In finding a happy balance in your life, there is no right or wrong. Create a situation that works for you and your family. It’s always great to get advice on what works for others, but, at the end of the day it has to work for you! What makes YOU happy? What keeps YOUR family running smoothly? I am guilty of this, but I think as moms we listen to those that offer their opinions when no one asks them. Block out that noise. Who cares if your priorities are different from the Jonses? Who cares if your kids aren’t on a tight schedule, or ate a cupcake after 7pm. You’re not a bad mom. And if you get judged for that, then shame on them. Moms that don’t support other moms have so much to learn still. It’s a reflection on them and their current state of mind. (Which can always change btw!)And if you do have your kids moving like clockwork- it’s good you found something that works! Point is – DO YOU!
When I was a first-time mom, things like that bothered me… this second time around, I honestly could care less what time things happen.
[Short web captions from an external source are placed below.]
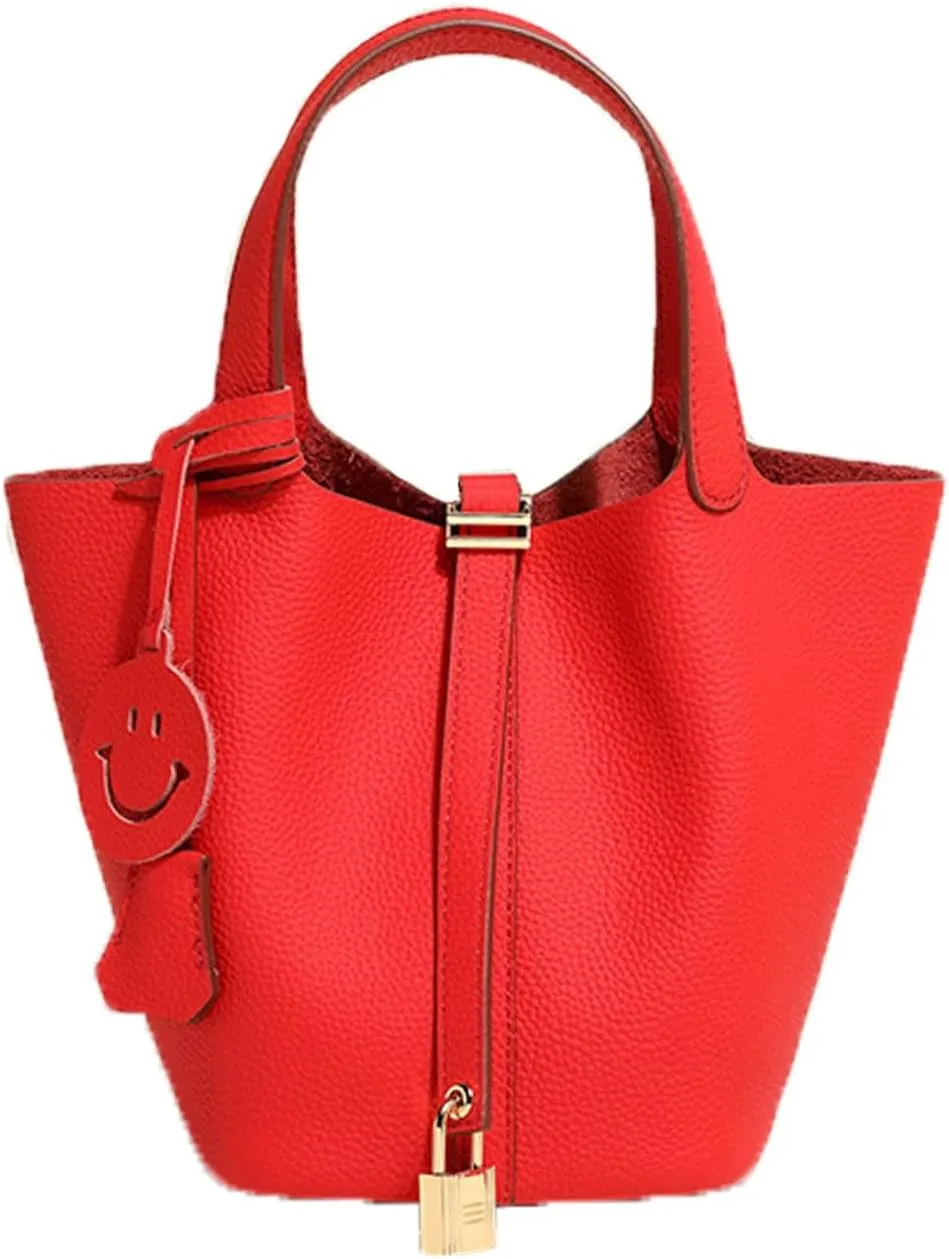 Fashion Genuine Leather Bucket Bag with Inner and Lock Handbag Tote Bag Purses for Shopping Travel Business School(Red)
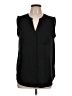 Ann Taylor Black Sleeveless Button-Down Shirt Size L (tall) - photo 1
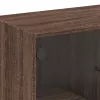 Barna tölgyszínű kisszekrény üvegajtókkal 68 x 37 x 75,5 cm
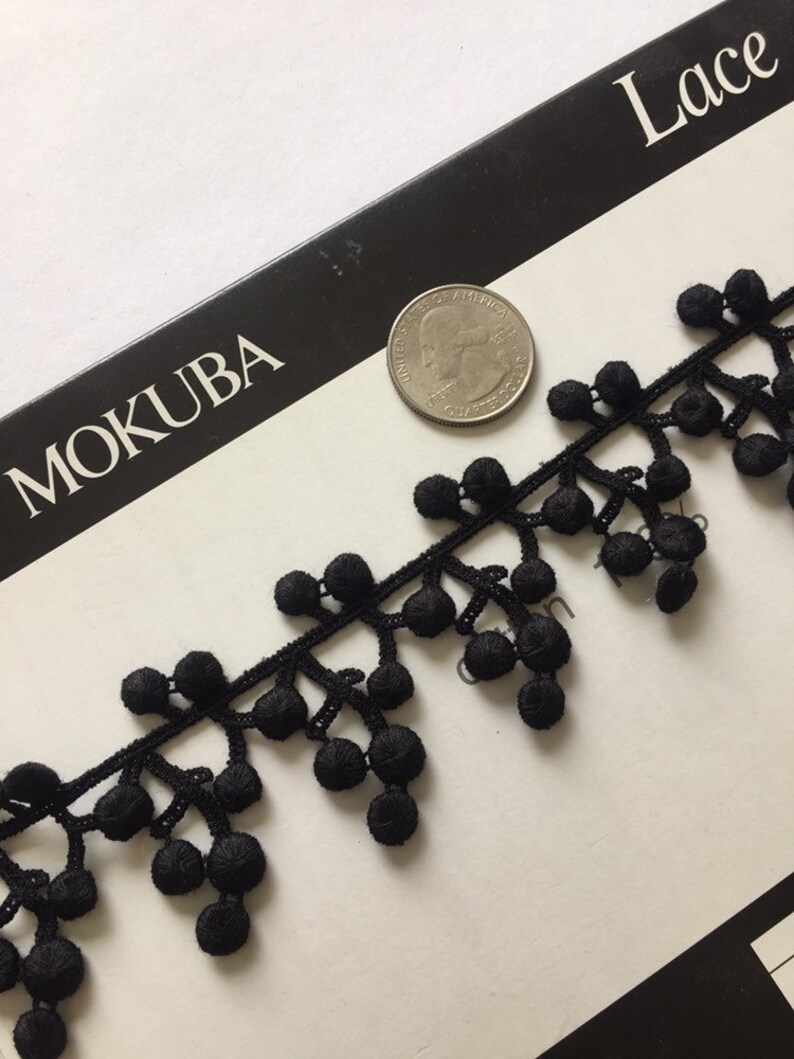 6yd Mokuba black lace trim Made in Japan Etsy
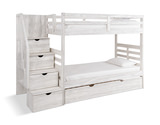 Skyler Twin/Twin Bunk Bed With Stairs - White thumbnail 7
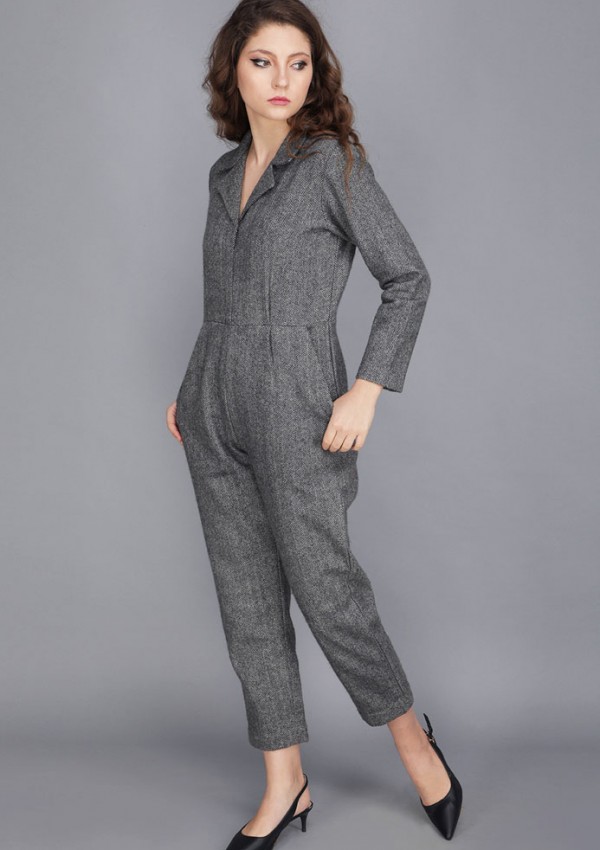 TWEED NOTCHED COLLAR JUMPSUIT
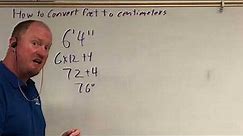 How to convert feet to centimeters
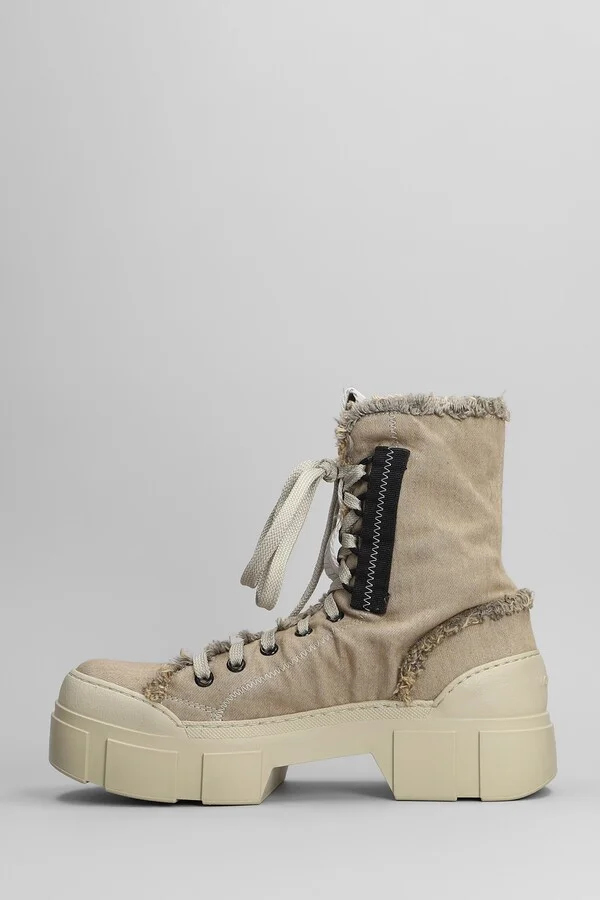 Denim-enzini 305-355 Combat Boots In Beige Fabric - Image 3
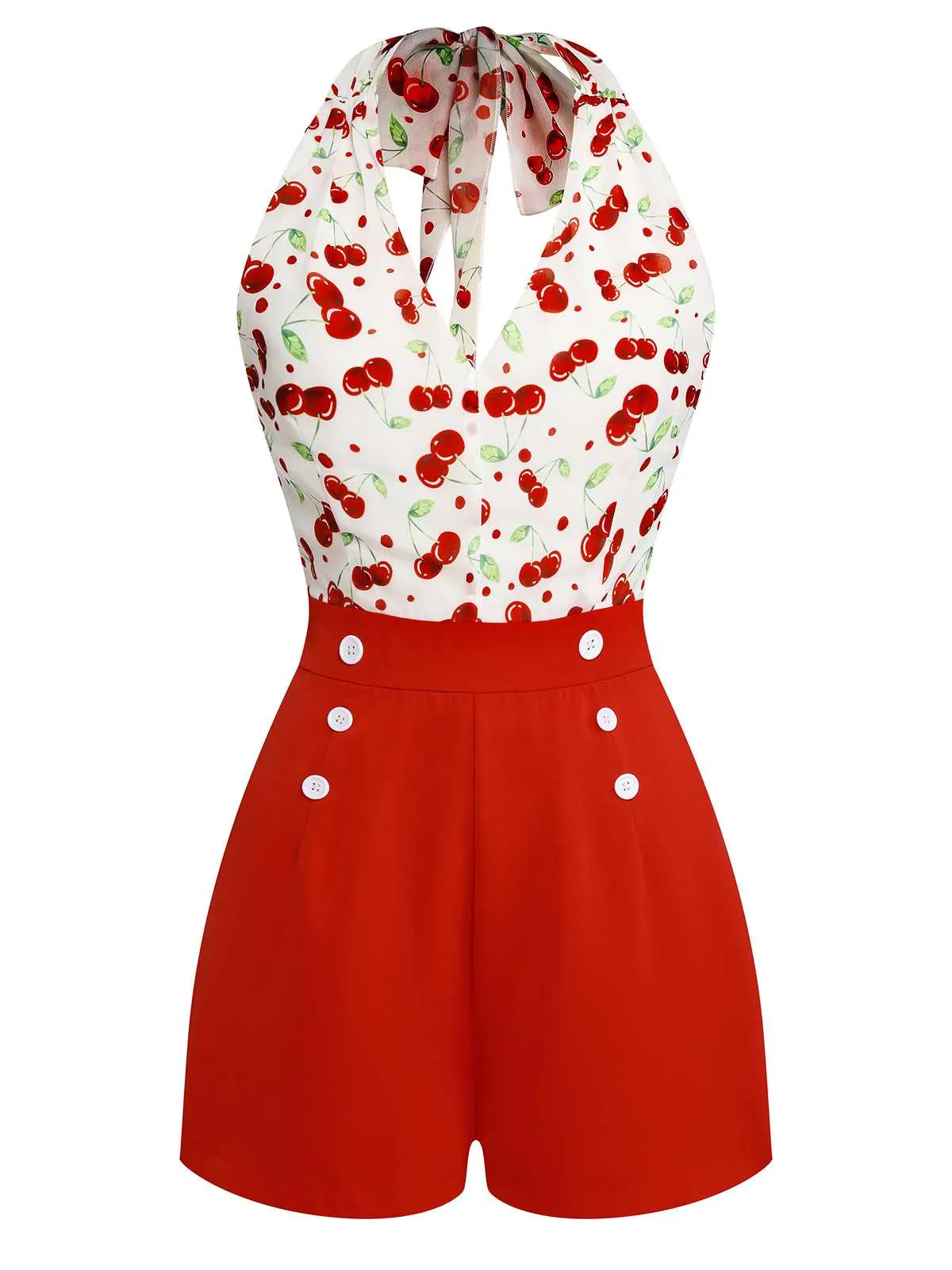 Red 1950s Cherry V-Neck Halter Lace-Up Romper sold by Retro Stage product image thumbnail 2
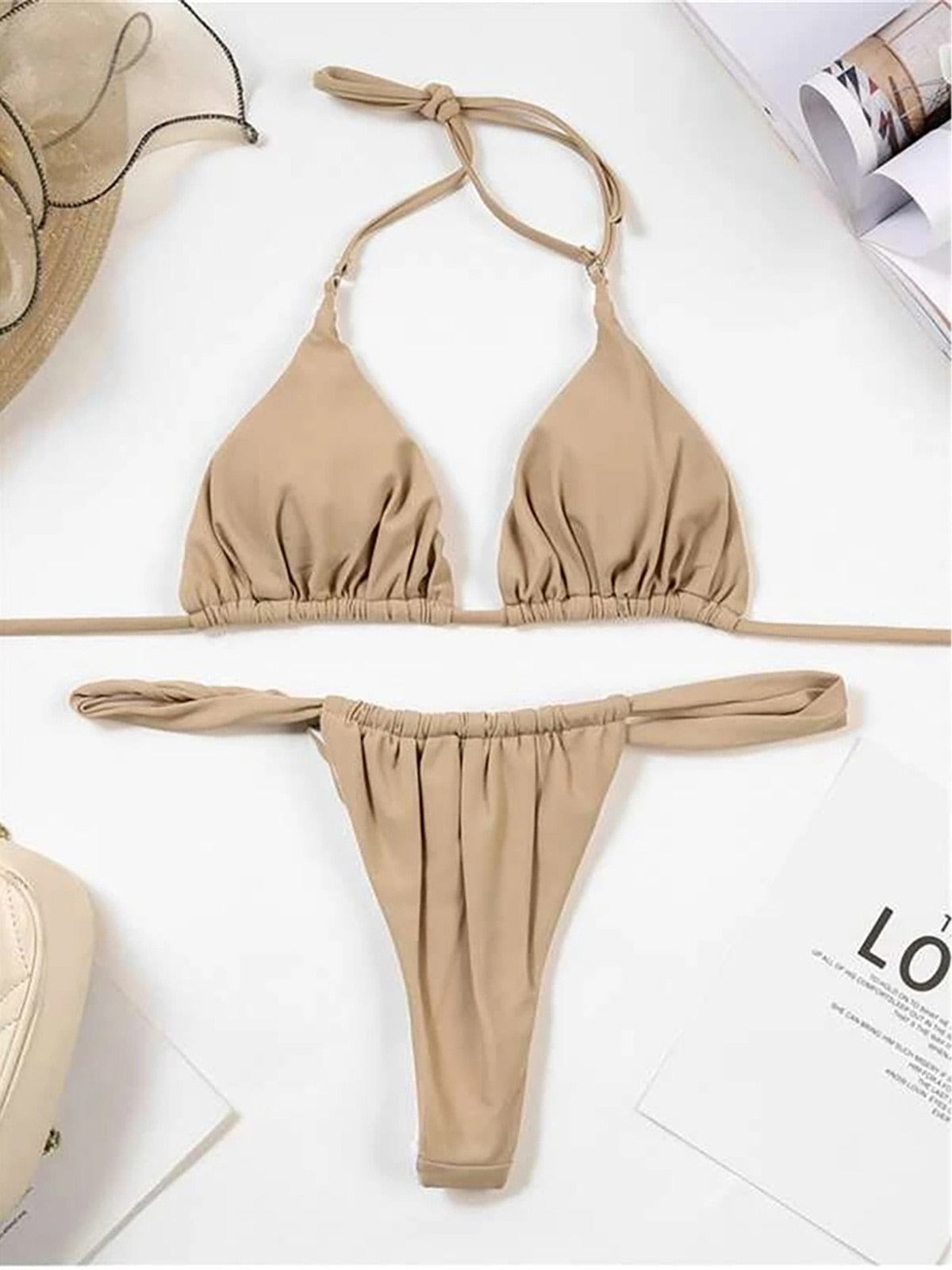 Beige Tan Brown Sexy Wrinkled High Cut Thong Bikini Women Swimwear Female Swimsuit Two-pieces Bikini set Bather Bathing Suit Festival Swim Lady Brazilian Micro Cheeky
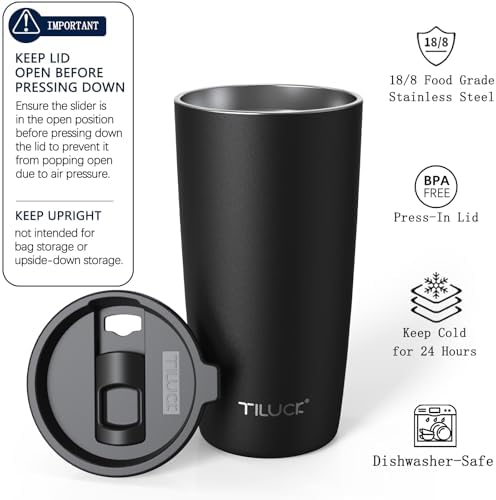 TILUCK 20 oz Insulated Coffee Tumbler with BPA-Free Lid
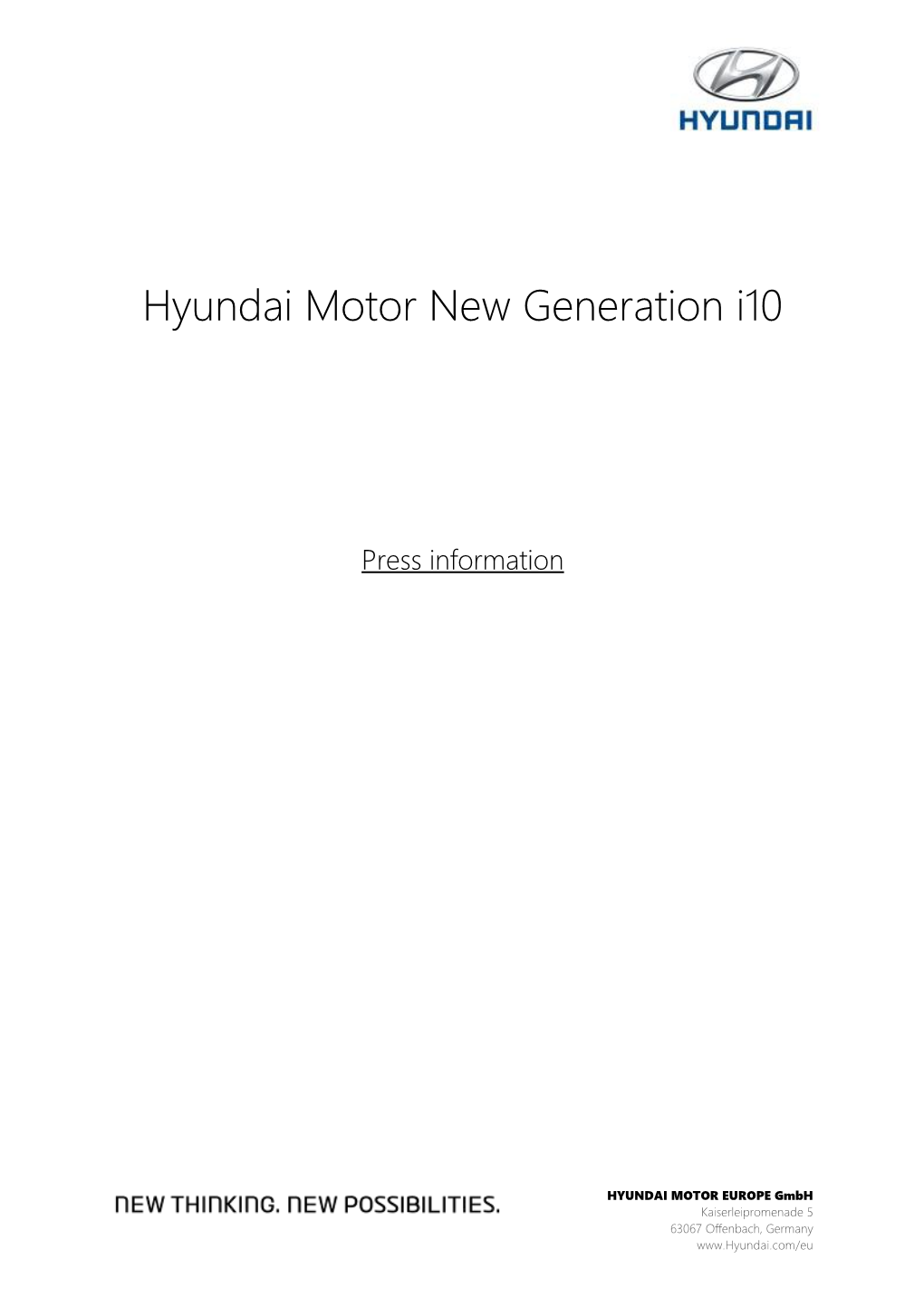 Hyundai Motor New Generation I10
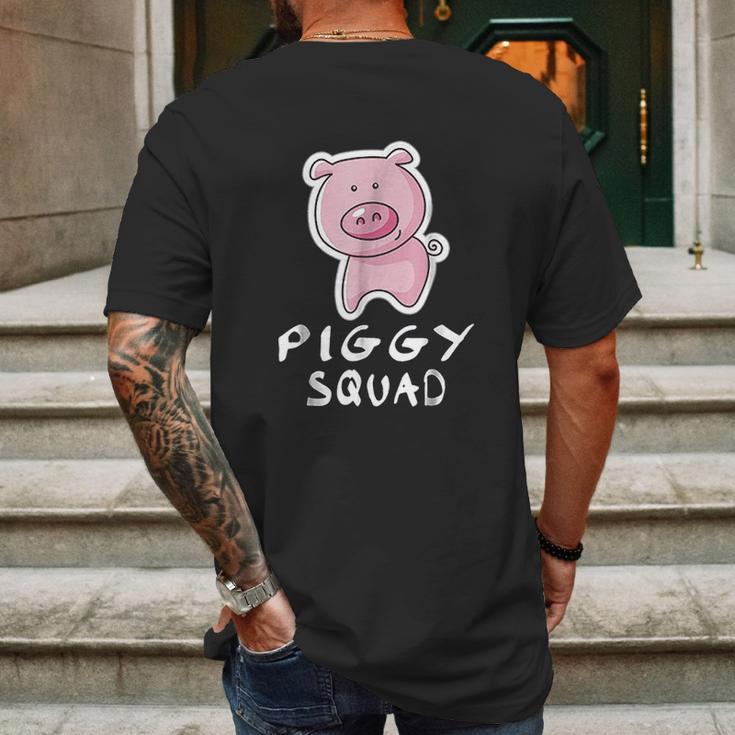 Piggy Squad Cute Farm Animal Lover Mens Back Print T-shirt Gifts for Men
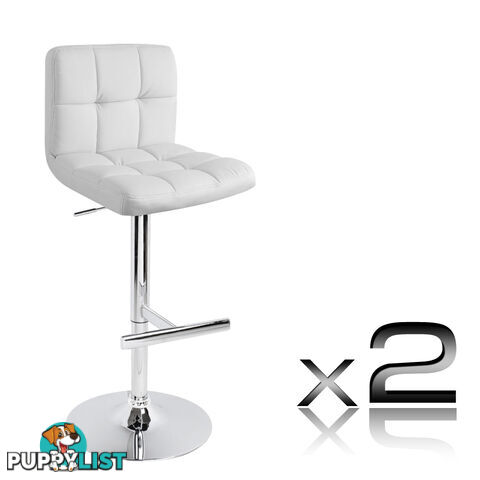 Set of 2 PU Leather Kitchen Bar Stool White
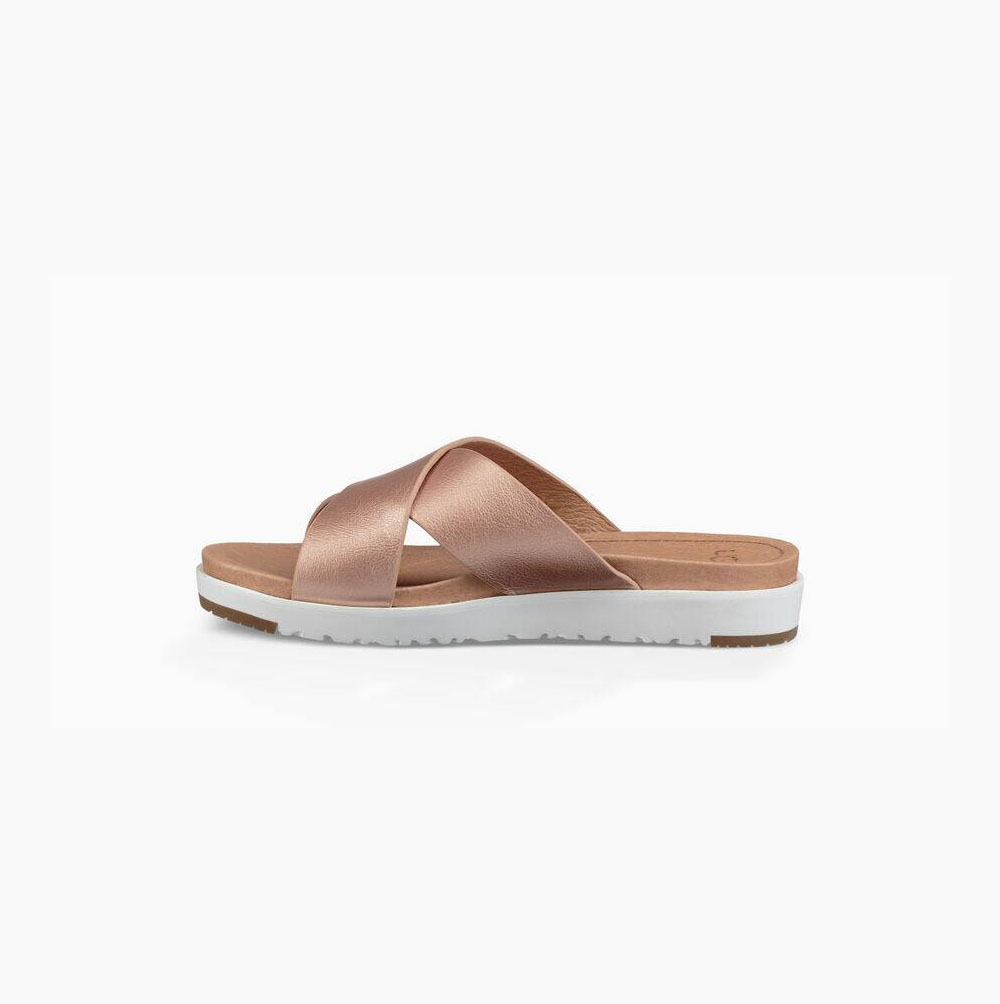 UGG Kari Metallic Sandaler Dam Rosa Guld | RTYV0ZZZ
As long as I can keep my scheduling perspective, my sanity, and my husband and kids happy, I feel like I had a successful day!
Speaking of priorities. What are your priorities? Make a list of your priorities and make sure those things come first. For me, my husband and kids always come first; everything else follows. I always like to make sure that I have some time to do my writing, or volunteer work. Maybe do dinner with a friend, or work out. Why? Because they make ME happy!! I am a true believer that a happy mommy creates a happy home.
Another helpful suggestion? Pick your tribe wisely. There is absolutely no time in your busy to-do list for mama drama! I have found a group of moms that are extremely supportive of each other. We all do things differently, but support each other in the things we choose to do with our lives and our families. I have one friend who is an actress and brings her daughter to her rehearsals and plays. How fun is that!? I have one friend who is a full-time working mom boss and manages her 3 kids, under the age of 3 beautifully! I have another Mom who prides herself in taking her child somewhere new every single Saturday. I love that! Another one is a pastor of a church and has 3 kids as well! As you can see, we are all completely different. Diversity is a beautiful thing for me. Each of them bring something completely new to my life and my perspective. I am so unbelievably thankful for them and their condition-less support.
My last piece of advice, which I feel is most important – Focus on the positive!! This idea has never been more important to me personally than it has been this year. We’ve had some pretty tough stuff thrown our way and I have to say, my husband and I have remained, for the most part, on the up. We have so much to be thankful for…And those are the things we choose to focus on.
In the beginning of our tough stuff, as silly as this sounds, I actually made a list for myself. When I found myself creeping to “the Darkside” I would pull out this list of 10 things that were positive in my life and immediately after reading that list, I felt better. It may sound silly to some of you, but I can honestly tell you it really has worked!
So maybe you’re seeing a theme here: you have to “DO YOU!” You have to find things that make YOU happy and able to function in a positive state of mind. No one should ever tell you how to “Mom.” What they should be telling you is how to find your happy so you can be the best you possible.